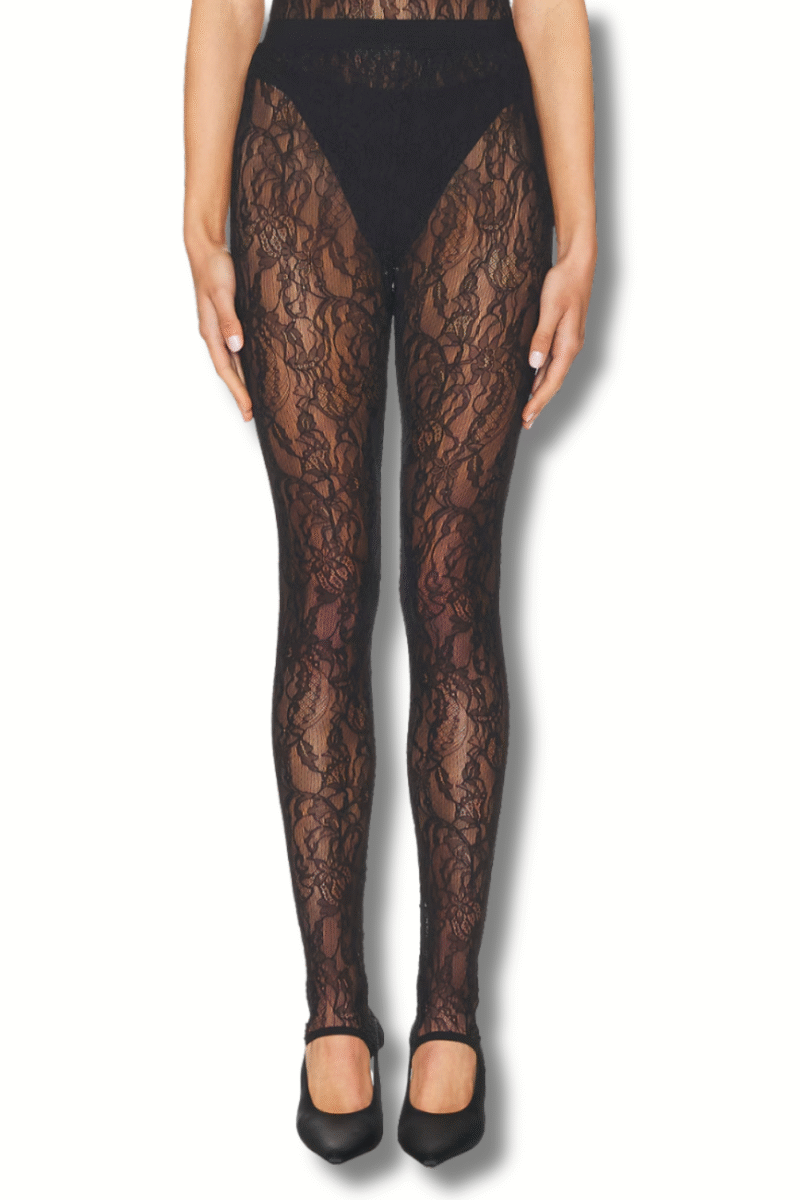 Legging noir WARDROBE.NYC Lace Stirrup élégant pour look minimaliste chic et tenue de bureau moderne femme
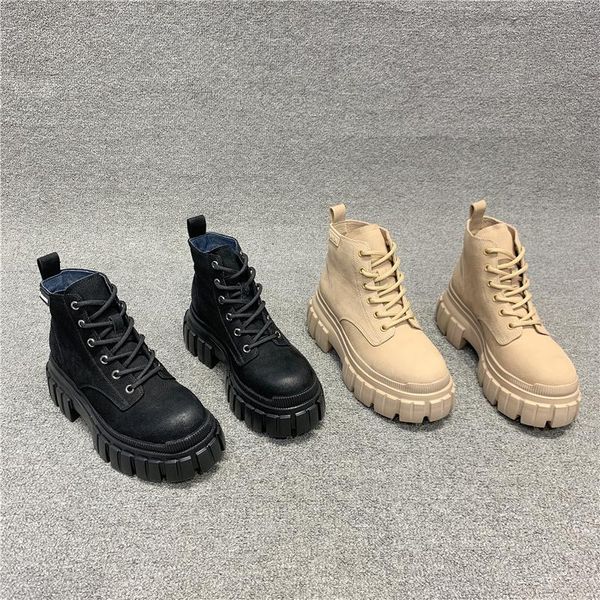 

martin boots short round toe comfortable retro polished short boots muffin women's shoes handsome high heel, Black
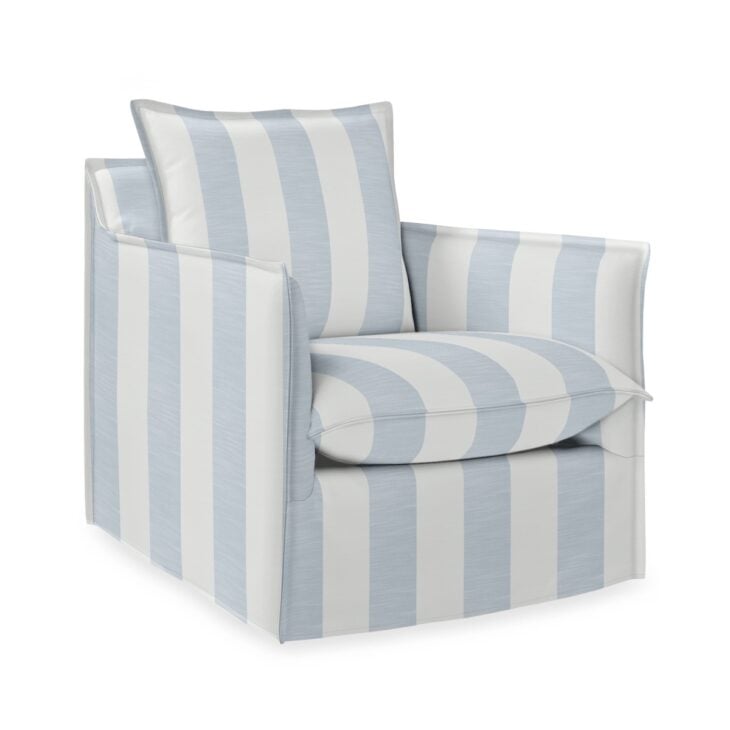 indoor outdoor chair in soft blue cabana stripe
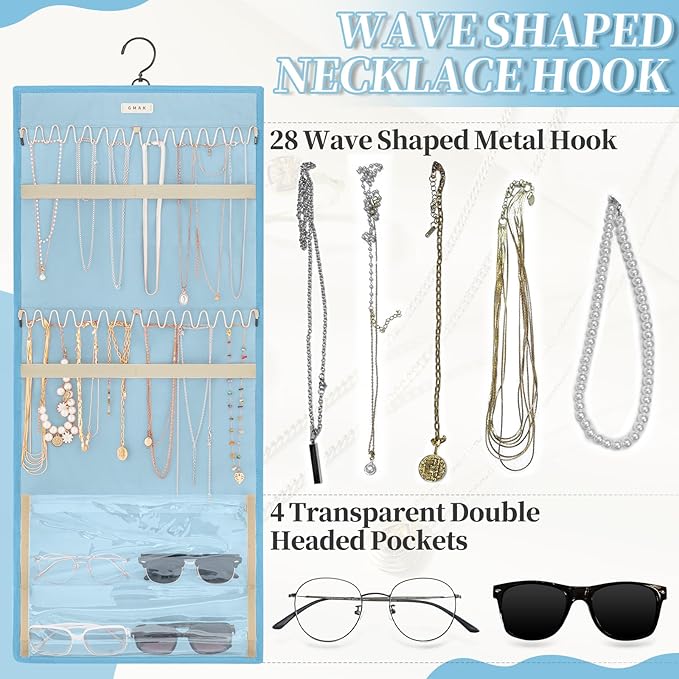GMAK Hanging Jewelry Organizer with Hanger Metal Hooks, Double-Sided Jewelry Holder Accessories Organizer Storage Roll for Jewelry, Earrings, Bracelets, Necklaces, Rings - Light Blue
━━━━━━━━━━━━━━━━━━━━━━━━━━━━━━
### TASK DIRECTIONS
Return all the data exactly, and keep the pictures out.

### EXERCISE SOLUTION
 Legging noir WARDROBE.NYC Lace Stirrup élégant pour look minimaliste chic et tenue de bureau moderne femme

martin boots short round toe comfortable retro polished short boots muffin women's shoes handsome high heel, Black
 indoor outdoor chair in soft blue cabana stripe
GMAK Hanging Jewelry Organizer with Hanger Metal Hooks, Double-Sided Jewelry Holder Accessories Organizer Storage Roll for Jewelry, Earrings, Bracelets, Necklaces, Rings - Light Blue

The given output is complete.